Toni Faber, einer der bekanntesten und geselligsten Priester Österreichs, ist seit 20 Jahren Dompfarrer von St. Stephan und Dechant des ersten Wiener Bezirks. Der Wiener City-Seelsorger will für alle da sein – für die Prominenz ebenso wie für die Menschen am Rande der Gesellschaft. Eines seiner Bekenntnisse formuliert er daher sehr weltlich: Wir müssen uns zu Solidarität und Demokratie bekennen.
Herr Dompfarrer Faber, das Motto der Spielzeit 2019/2020 des Linzer Landestheaters lautet Bekenntnisse. Ist das ein Begriff, der in Ihren Predigten oder Gesprächen oft Verwendung findet?
Ja, am Ende jeder Predigt heißt es: „Lasst uns unseren Glauben bekennen.“ Auch sonst bekenne ich mich wiederholt, es ist ein Alltagsbegriff für meine Predigten. Bei jeder Taufe sage ich „Bekennt euren Glauben“. Es ist außerdem auf den ersten Blick erkennbar, dass ich ein Geistlicher bin, und auf diese Weise lege ich schon rein äußerlich stets ein Bekenntnis ab. Das kann beim anderen ein Nachdenken in Gang setzen: Kann ich von dir etwas erwarten? Kannst du mir, wenn ich es benötige, helfen, mich aufzurichten?
Beinhaltet für Sie ein Bekenntnis, sich auch außerhalb der Dommauern, also in unserer Gesellschaft zu bekennen?

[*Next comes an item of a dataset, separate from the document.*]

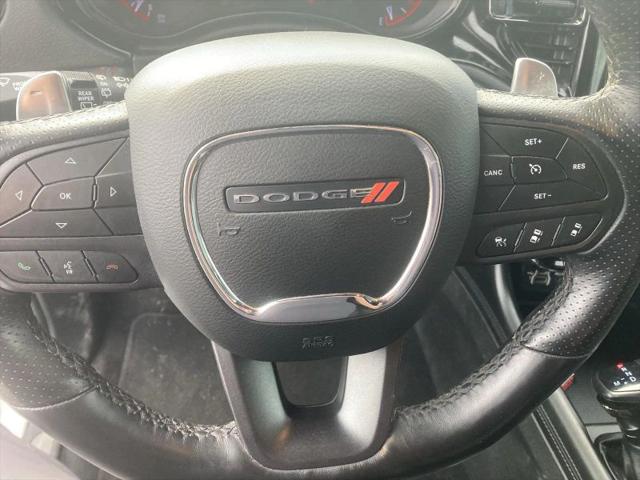 2022 Dodge Durango GT Plus AWD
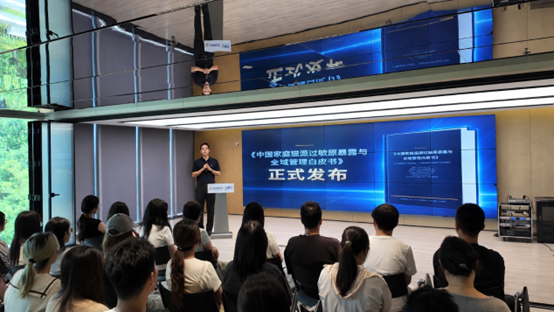 《中国家庭猫源过敏原暴露与全域管理白皮书》正式发布——尚普咨询联合多机构推出CAEM框架，推动猫敏管理走向“实证标准”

Auf jeden Fall, ich bin laufend als christlich- katholischer Kirchenvertreter angefragt, an gemeinschaftlichen Arbeiten mitzuwirken. Es wird aber auch mein Beitrag erwartet, wenn es darum geht, Menschen zusammenzuführen, vor allem dann, wenn Menschen ausgegrenzt werden. Wir als Kirche haben gerade in der heutigen Zeit auch zu zeigen, wo wir in der Gesellschaft stehen. Wir müssen für Demokratie, für Solidarität und Aufrichtigkeit eintreten und uns dazu bekennen.
Leider mutieren religiös verbrämte Bekenntnisse gerade in jüngster Zeit zu Fanatismus und Gewalt. Ab welchem Zeitpunkt wird ein Bekenntnis in seiner Ausdrucksform problematisch oder sogar gefährlich?
Es wird dann gefährlich, wenn es sich als absolut setzt, wenn jemand die Auffassung vertritt, sein Bekenntnis ist im Gegensatz zu allen anderen das einzig wahre.